Speaking of Food
In my family’s kitchen hangs an embroidery hoop of cross stitching that reads, “Squash Delight: ‘Best Vegetable Recipe Ever’ — Mrs. D.W. Spurlock.”
The entire recipe is preserved there as a tribute to my mother’s mother who was a semi-vegetarian and a most formidable woman — part Martha Stewart, part Joan Crawford. Eating at her table was an exercise in discipline and woe be to anyone who chewed with an open mouth or leaned over the plate to take a bite.
But her Squash Delight was delicious, she could cook a perfect ham (one meat she permitted herself) and I also remember the crisp white toast she made most mornings in her gas stove, perfuming the entire house with the smell of butter. My father’s mother was the “kindly” grandparent and when we’d visit her in Lafayette, Louisiana, sometimes arriving in the middle of the night, she would drop everything and make us all hand-cut fried potatoes and Cajun coffee milk.
My mother was famous for her loaves of rich brown bread, laced with honey and intended to be consumed right out of the oven with whole sticks of butter and slabs of sharp cheese or dunked into one of her stews.
These were all remarkable women, multifaceted, talented, determined and loving, but the thing I remember best about each of them is the memories they created and the lessons they taught with food. Lesson one was this: food is not just nutrition, it’s a universal language, subtle, complex and persuasive.

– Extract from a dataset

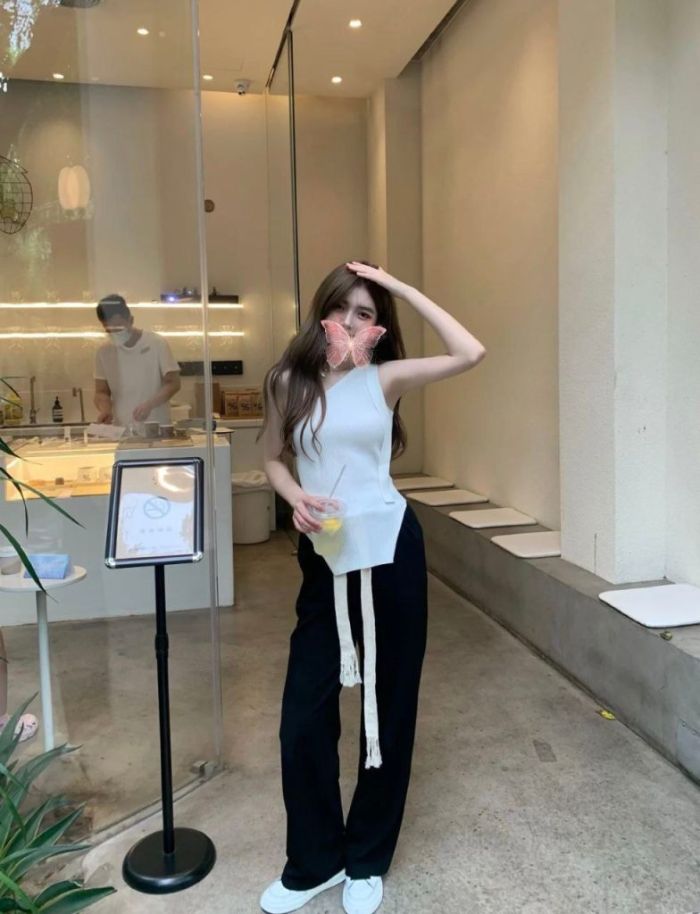 🔥🔥新人到🔥🔥新学生报道  ❤️Angela❤️23岁❤️白甜纯  🤩台湾女生🤩志玲的声音🐱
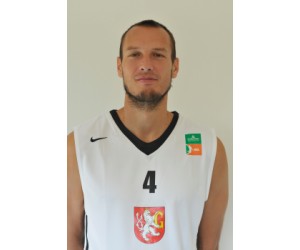 Dusan Pandula basketball player - SF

Today’s Women of Food featured in this issue are articulate speakers of this language who understand its potential. Food unites us, preserves cultures and inspires exploration and sharing. Food is a fundamental force and the way we create and consume it says much about how we look at the world, how we treat our environment and who we are as people. The old chauvinist chestnut goes, “the way to a man’s heart is through his stomach.” It only takes a tiny edit to make that more correct: “the way to humanity’s heart is through its stomach.”
Today my family has a new crop of remarkable women of food. My youngest daughter, a member of Food Corps, has become the culinary conscience of the family, inspiring us to seek out humane and local sources for our cuisine. (She also seems to have inherited my mother’s bread-making gene.) My older daughter, an artist by disposition and training, is swiftly transcending my own (substantial) skills as an amateur chef. I’m confident both of them are destined to provide future generations with their own culinary memories preserved in family legend. And I believe that each of them will communicate eloquently in the language of food to make the world a better, happier place.
Squash Delight
1 pound squash, cooked, drained, buttered
1 tsp sugar
1 egg
1/2 cup mayonnaise (I prefer yogurt)
1/2 cup chopped water chestnuts or nuts (water chestnuts are the classic version)
1/2 cup grated cheese (I prefer extra sharp cheddar)
1/2 cup chopped onion
1/2 cup green pepper or pimiento
salt, pepper to taste
Mix into casserole. Top with bread or cracker crumbs. Dot with butter. Bake at 350 degree for 30-40 minutes until brown.